Do not buy meat at random, the quality of the meat determines the success of the roast: leaner meat needs to be cooked faster than meat that has more connective tissue.
Do not cook the roast directly in the oven: the initial browning in the pan seals the juices inside the meat and gives it a delicious crusty exterior.
Do not allow the roast to dry out: cook it at a temperature no higher than indicated and wet it if necessary when at mid cooking.
Do not prick the meat with forks or similar while cooking to prevent the juices from coming out. Only towards the end of cooking can you check the temperature with the probe.
Do not cut the meat immediately, but let it rest for at least 10 minutes. This gives the juices time to redistribute themselves among the meat fibres, so it is softer and more succulent.
Do not cut the meat the wrong way round: the roast should only be cut perpendicular to the fibres to ensure the tenderness of the slices.

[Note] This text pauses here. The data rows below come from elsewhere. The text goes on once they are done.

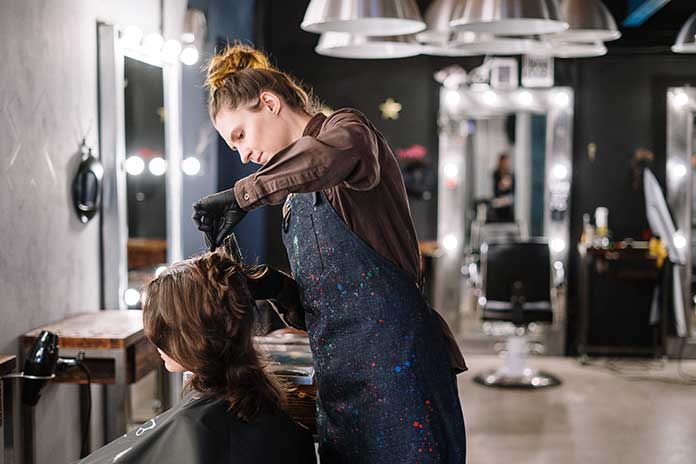 7 Tips For Finding A Good Hairdresser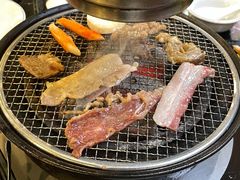 -燚青春东北泥炉烤肉(百合店)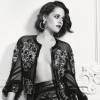 Kristen Stewart posa sensual para nova campanha da Chanel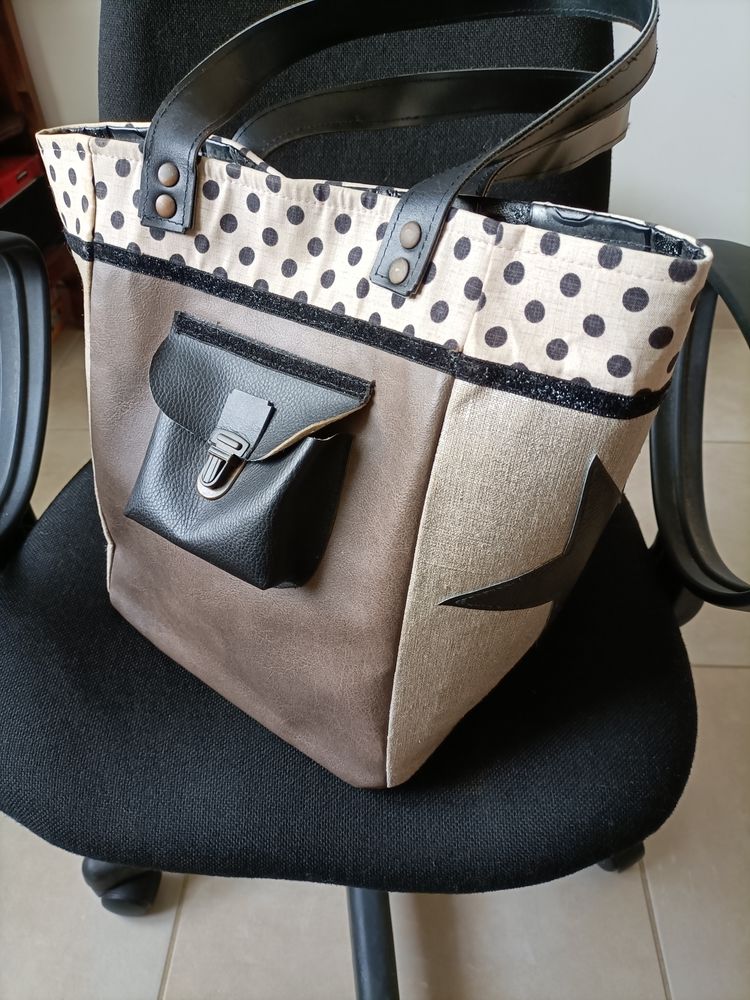 Sac fantaisie 35 S�rignan (34)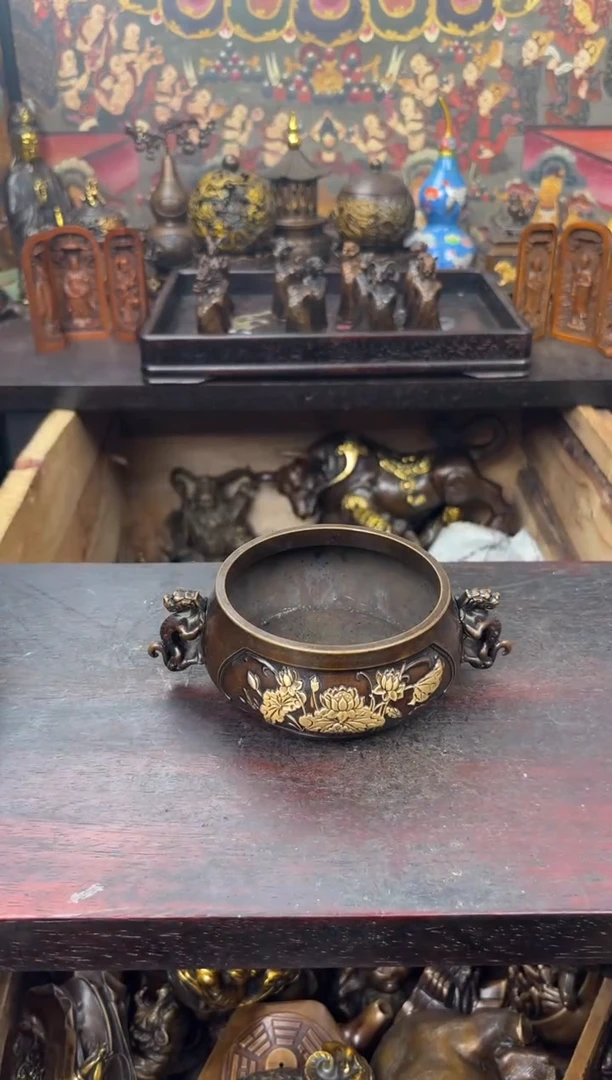 信德铜器专属精选链接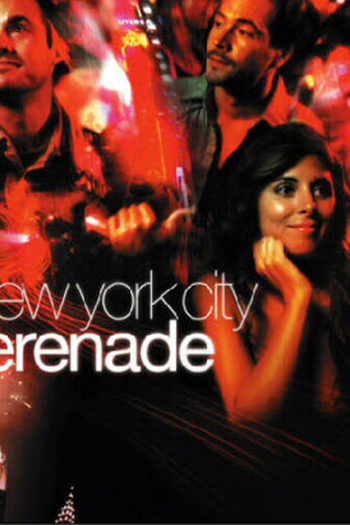  de Filme Apaixonados Em Nova York (2007)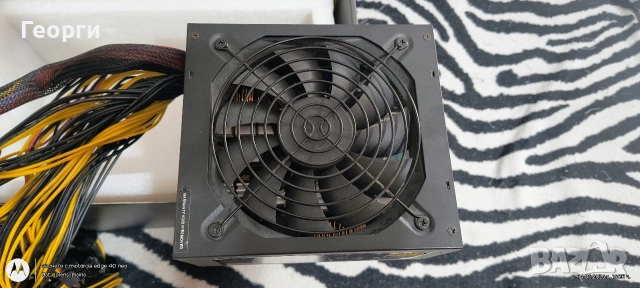 Майнинг захранване 2000W, снимка 3 - Захранвания и кутии - 54902710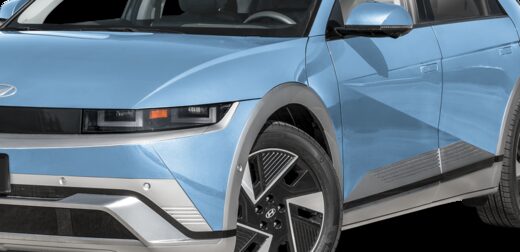 2026 Hyundai IONIQ 5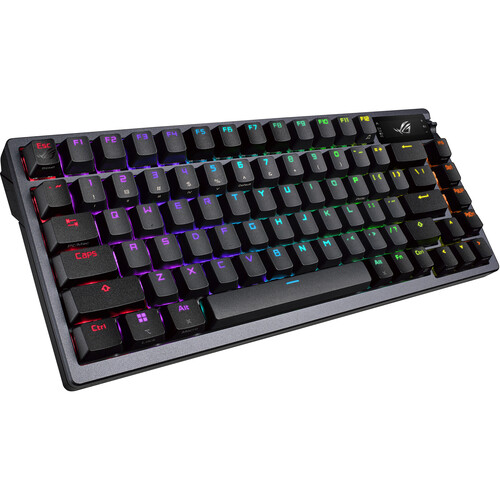 Gaming Keyboard ASUS M702 Azoth Extreme NXSW - 90MP03MA-BKUA01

You can reuse the leftover roast to make mondeghili meatballs (Milan-style) or, if you have more time, meat ravioli. You can also use it as a substitute for chicken in a tasty Lombard style chicken salad.

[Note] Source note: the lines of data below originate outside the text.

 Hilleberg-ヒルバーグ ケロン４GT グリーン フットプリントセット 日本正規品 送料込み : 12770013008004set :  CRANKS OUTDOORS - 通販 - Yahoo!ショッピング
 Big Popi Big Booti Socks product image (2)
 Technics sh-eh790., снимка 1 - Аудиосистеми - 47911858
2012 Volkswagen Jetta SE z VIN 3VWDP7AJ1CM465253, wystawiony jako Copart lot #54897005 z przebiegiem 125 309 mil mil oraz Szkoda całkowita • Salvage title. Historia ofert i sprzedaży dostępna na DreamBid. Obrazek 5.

Freeze the leftover roast, if you wish, cut it into slices, place them on trays and store them in the freezer, portioning them as needed. Also store the cooking juices in the freezer in separate trays.
When it is time to use them, defrost the meat and the cooking juices in the fridge and then place the slices on a baking dish, add the cooking juices and heat in the oven.

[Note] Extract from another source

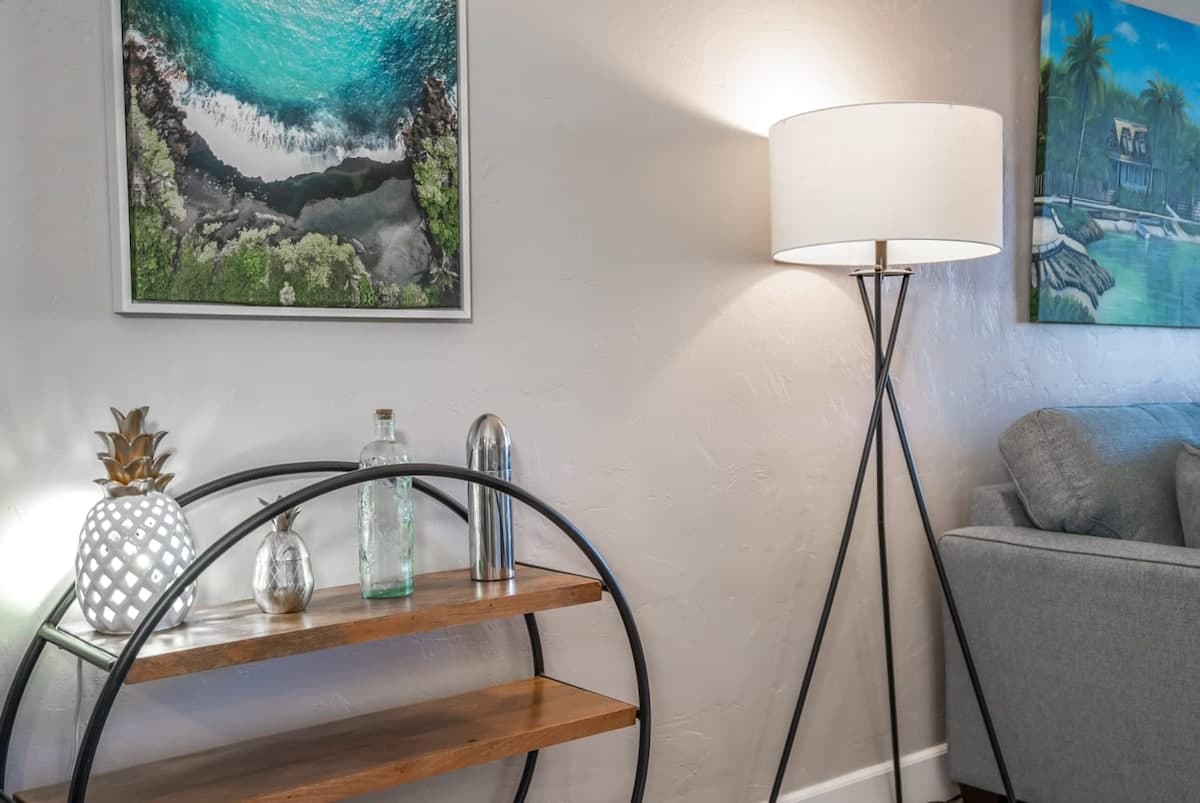 Condo in Kihei · ★4.94 · 1 bedroom · 2 beds · 1 private bath - Photo 5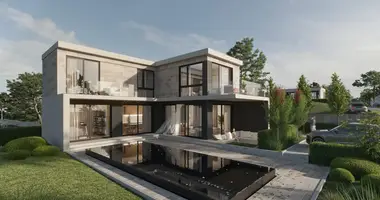 Villa 4 chambres dans Monténégro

The roast veal can be prepared with different cuts of the animal: boneless loin or loin, rump, knuckle, rump, priest’s hat, rolled belly or other parts rich in connective tissue.
Ask your butcher for advice and whether the cut of meat you choose is rich in connective tissue and based on this you can adjust the cooking time.
If you want to avoid making a mistake, check the cooking time with a probe inserted into the heart of the roast:
At 58°/61°C the roast will be pink (suitable for fine cuts with little connective tissue and lean)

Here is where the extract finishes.